> _WHAT YOU NEED TO DO_
Without pictures, return the lines from the one containing "Ремонт ногтя ( как отдельная процедура)" through the last line of the data below, exactly.

> _RECORDS SHOWN_
━━━━━━━━

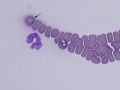 Babesia canis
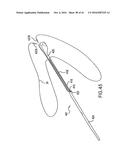 ARTICULATING SUTURING DEVICE AND METHOD diagram and image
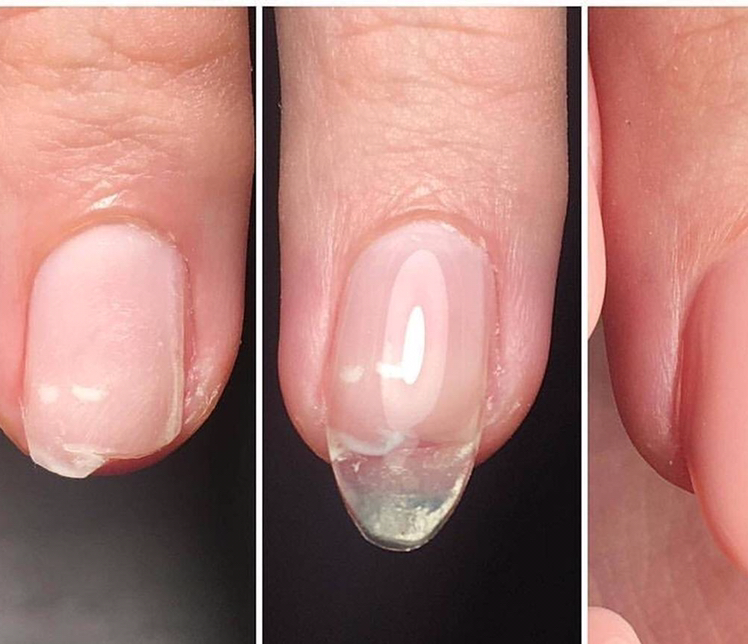 Ремонт ногтя ( как отдельная процедура)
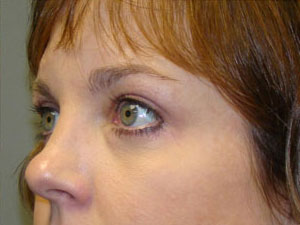 Eyelid Surgery Before and After Pictures Savannah, GA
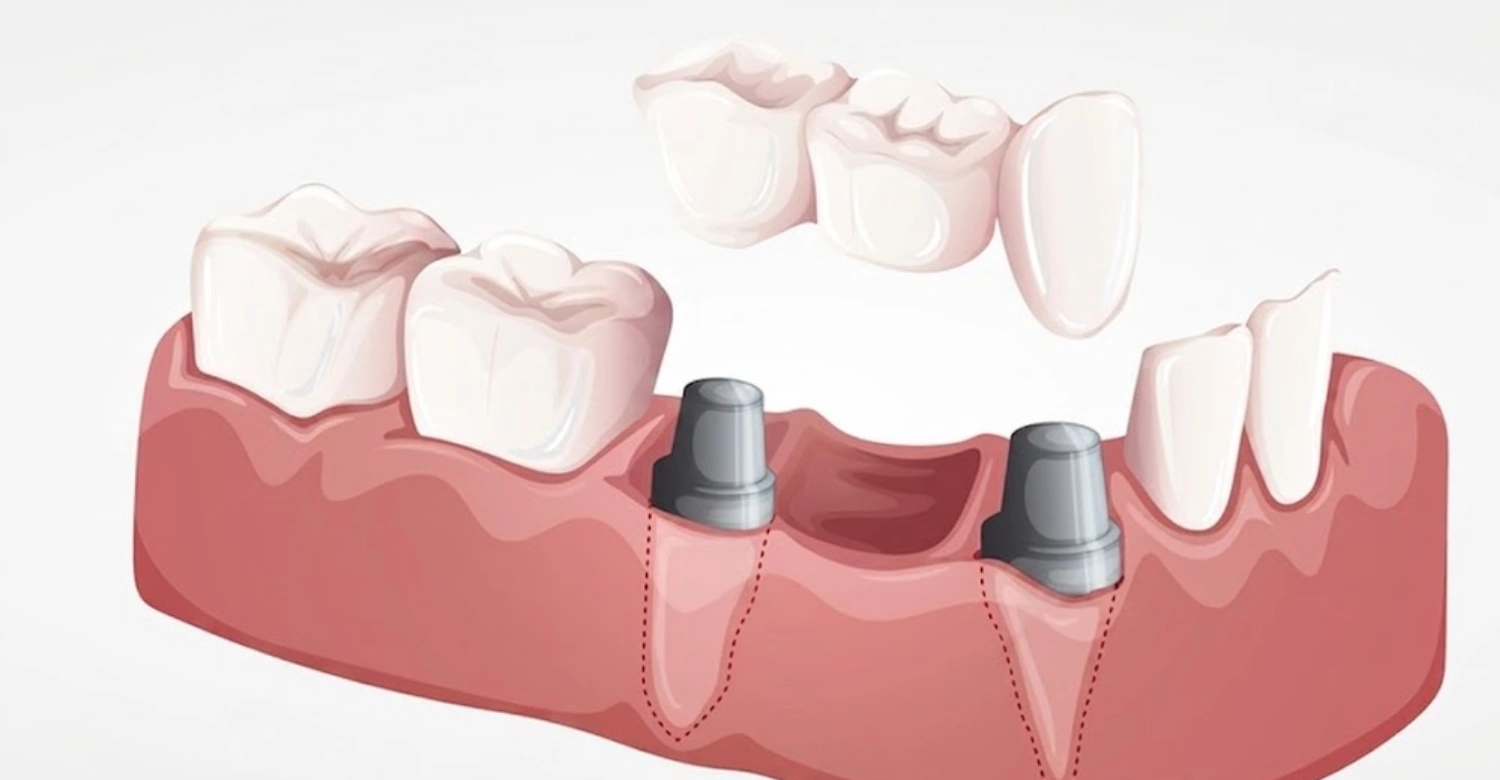 Fixed Partial Dentures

━━━━━━━━

> _WRITTEN ANSWER_
 Ремонт ногтя ( как отдельная процедура)
 Eyelid Surgery Before and After Pictures Savannah, GA
 Fixed Partial Dentures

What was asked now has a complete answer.